The Jewish holiday of Rosh Hashanah begins tomorrow evening and is the most well-known of the Jewish “New Year’s” (we actually have four different ones, including Tu B’Shevatif you follow this link you’ll get an explanation on why we have four and what they are.).  Since most of us also follow the secular calendar, we’ll have an extra one each year on the eve of December 31st.  And if you are in the field of education, well, the start of school provides yet another “new year”.  Putting it all together, suffice it to say, we have ample opportunities each year to pause and reflect on the year that was and to hope and dream about the year that is yet to be.

I went into a Kindergarten class this afternoon to conduct an activity centered around the tradition of tashlikh – a ceremony in which we cast off the sins of the past with an eye towards improving our behavior for the future.  For this activity, I had the children draw a picture and/or write about a behavior they want to avoid doing again – mistreating a sibling, being disobedient to a parent, not being a good friend. etc.  After they made their project, they crumbled it into a ball and threw it into the trash.  Bye-bye bad behaviors! Were it only that easy!
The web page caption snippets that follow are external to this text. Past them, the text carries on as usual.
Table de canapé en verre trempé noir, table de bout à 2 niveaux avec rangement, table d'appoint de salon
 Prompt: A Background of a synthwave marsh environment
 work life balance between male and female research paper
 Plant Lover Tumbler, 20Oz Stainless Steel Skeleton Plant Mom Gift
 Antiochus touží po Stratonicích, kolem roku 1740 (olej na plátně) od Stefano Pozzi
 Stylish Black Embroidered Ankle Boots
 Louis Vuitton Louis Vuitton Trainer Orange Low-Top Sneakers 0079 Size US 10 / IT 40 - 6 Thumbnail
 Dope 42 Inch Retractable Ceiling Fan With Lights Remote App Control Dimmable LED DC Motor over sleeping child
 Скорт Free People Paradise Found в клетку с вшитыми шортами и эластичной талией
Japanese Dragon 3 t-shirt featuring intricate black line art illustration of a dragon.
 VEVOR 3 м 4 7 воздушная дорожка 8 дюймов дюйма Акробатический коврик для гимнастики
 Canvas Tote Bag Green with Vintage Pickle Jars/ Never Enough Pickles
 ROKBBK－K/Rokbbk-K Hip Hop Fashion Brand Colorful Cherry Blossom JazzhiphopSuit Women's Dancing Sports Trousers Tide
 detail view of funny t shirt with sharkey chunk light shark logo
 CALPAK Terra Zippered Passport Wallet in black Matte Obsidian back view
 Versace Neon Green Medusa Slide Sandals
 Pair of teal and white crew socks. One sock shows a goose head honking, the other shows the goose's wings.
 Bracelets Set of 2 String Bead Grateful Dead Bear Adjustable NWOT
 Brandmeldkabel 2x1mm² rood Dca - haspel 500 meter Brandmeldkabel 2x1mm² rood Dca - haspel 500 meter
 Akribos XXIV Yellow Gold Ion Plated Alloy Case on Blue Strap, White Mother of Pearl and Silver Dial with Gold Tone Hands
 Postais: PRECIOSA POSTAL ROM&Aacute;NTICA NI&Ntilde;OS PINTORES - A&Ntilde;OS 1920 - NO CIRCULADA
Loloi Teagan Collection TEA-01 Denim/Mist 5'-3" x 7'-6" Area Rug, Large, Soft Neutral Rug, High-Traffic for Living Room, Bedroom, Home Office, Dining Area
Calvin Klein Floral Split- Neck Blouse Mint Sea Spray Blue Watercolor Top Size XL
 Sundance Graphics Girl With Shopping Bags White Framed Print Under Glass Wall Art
All schools count “character education” as part of their mission.  All educators consider it part of their already impossible jobs to help children grow and develop as human beings. Part of what I enjoy about being in a Jewish Day School is that we get to make that part of our curriculum explicit.  We are in the business of making menschen and during the High Holiday season, business is good!

This season our Middle Schoolers, under the direction of our Vice Principal, Edith Horovitz, who has masterminded this wonderful program for many years, have already made lunches for those who are hungry and baked honey cakes for the holiday and delivered them to the elderly. Programs like this – call it “service learning” or call it a “Mitzvah Program” – are opportunities for us to get outside the walls of the building and put into practice what we preach.  It is not academic time lost, but rather life-changing experiences gained. Through programs like this, our students are reminded that there needs to be a proper balance between “study” and “action”.

(By the way, if you are interested in the Talmudic source for this dialectic, check this out and discuss amongst yourselves:)

So who will we become this year?  Beyond all our academic hopes and dreams, will this be the year we become who we were meant to be?  Will we live up to our own lofty expectations?  Will we be better children, better students, better teachers, better siblings, better partners, better spouses, better colleagues, better friends – will we be a better “us”?

As the eve of a new Jewish Year approaches, it is my most sincerest hope that this is the year we’ve been waiting for.  Personally, as I prepare to spend my first High Holiday season in my new community, let me express my gratitude on behalf of myself and my family on how welcome y’all (did that sound Southern enough?) have made us feel in such a short time.  To the teachers, staff, parents, and students in this special school – thank you for your enthusiasm and your hard work.  5771 is shaping up to be a quite an amazing year…from my new school family to yours, “Shanah tovah!”